There are a few approaches I recommend if you feel like you’re  stuck in an uncomfortable citation after a mistake has been made, and you don’t know how to move forward.

  1. I work to get supported and/or complete what happened. I deal with any of my upset, my sense of unfairness. Whatever processing I need to do, I do, if not before the email, definitely before the call. 
  2. Write them an email. Take responsibility for the impact of what happened. Tell them, it is on me as a coach. If you had an experience of me not being with you or not supporting you, that’s on me. I might explain or share the intention, but I primarily take responsibility for their experience. 
  3. Offer a call to clear things up. “Hey, would you like to make a call when we talk about this? I can clean up with you, work on the impact, and you can share your experience.” 
  4. Offer a call to complete your work together and wrap up what they have done. It’s possible through the process that they might decide to keep working with you, but I don’t bring that up or talk about it myself—that is for them to decide.

There’s a lesson to be learned. 

We all make mistakes, which only become a big deal when we learn nothing from them. There’s a lesson to be learned in all these situations, and if you look for it, you come out the other side better prepared for future situations where you may be challenged again.

For example, in my situation, I learned that if someone comes to me with an issue about paying, the number one thing they need in that moment is empathy. It is a vulnerable conversation to bring up, so they need to leave that conversation feeling genuine empathy for their circumstances and not feeling as though they were judged in any way for things beyond their control.

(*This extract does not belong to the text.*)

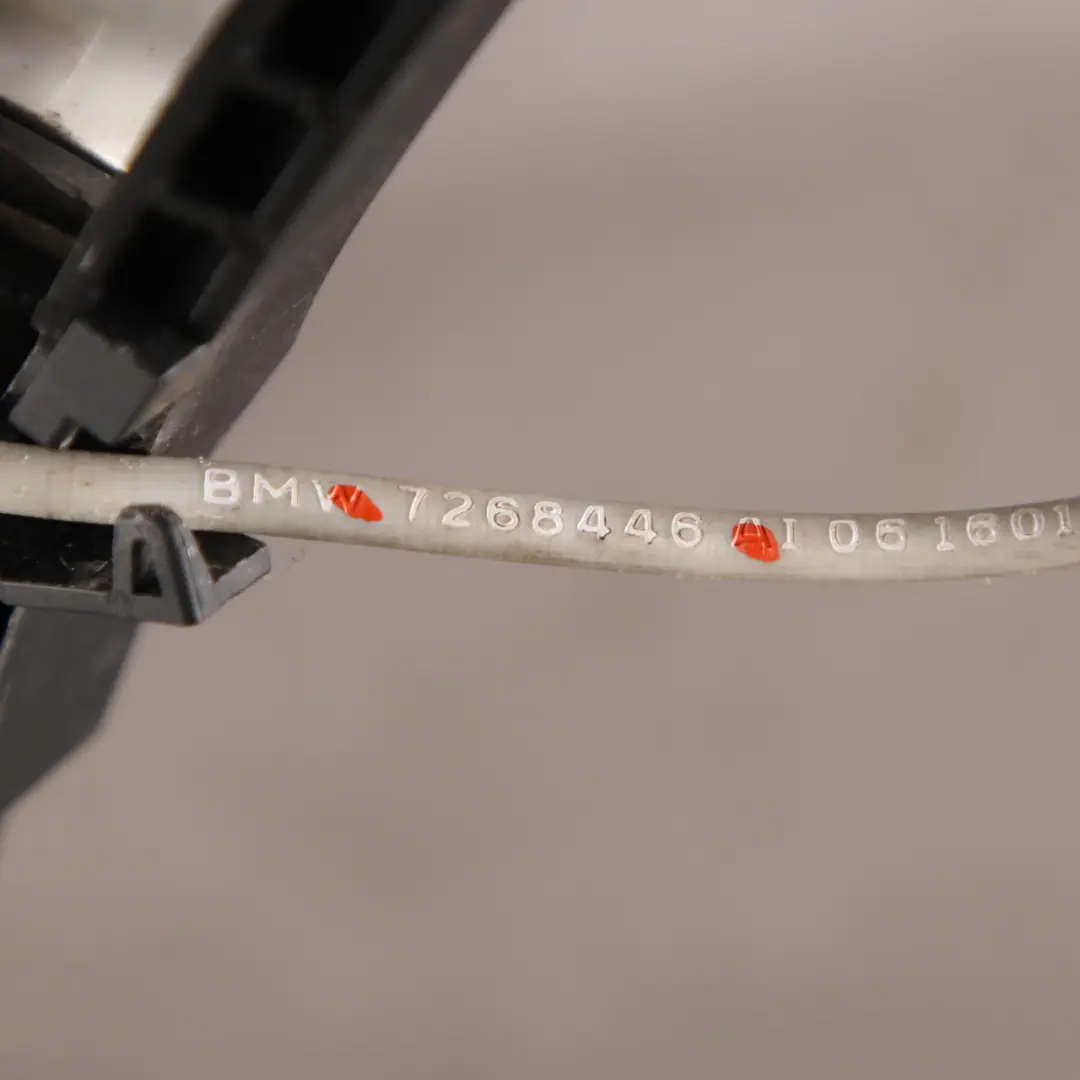 Grab Handle Door BMW F21 F22 2 Left N/S Mineralweiss Mineral White A96 to with Part number 7268446 Grab Handle Door BMW F21 F22 2 Left N/S Mineralweiss Mineral White A96 - SKU rhd-7268446-MW2 - Part number 7268446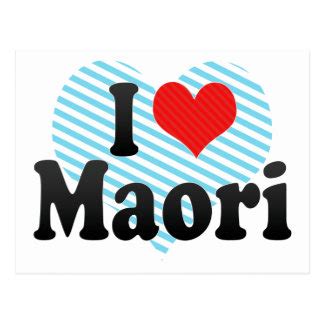 Maori Postcards | Zazzle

Now, when a client brings me a challenge, I know that my number one job is to ensure that the final note they are left with after our session is a note of empathy. 

Now, this doesn’t mean my approach couldn’t have worked on another person—I like to be challenged, and I believe that my approach would have worked for me if it was myself on the other side of that coach-client relationship. But the lesson I took from this situation was that it is better to err on the side of caution and empathy when this problem arises. 

You know something in life is a lesson when you realize it’s not about you or the client being right or wrong. It’s about a new piece of information coming to light.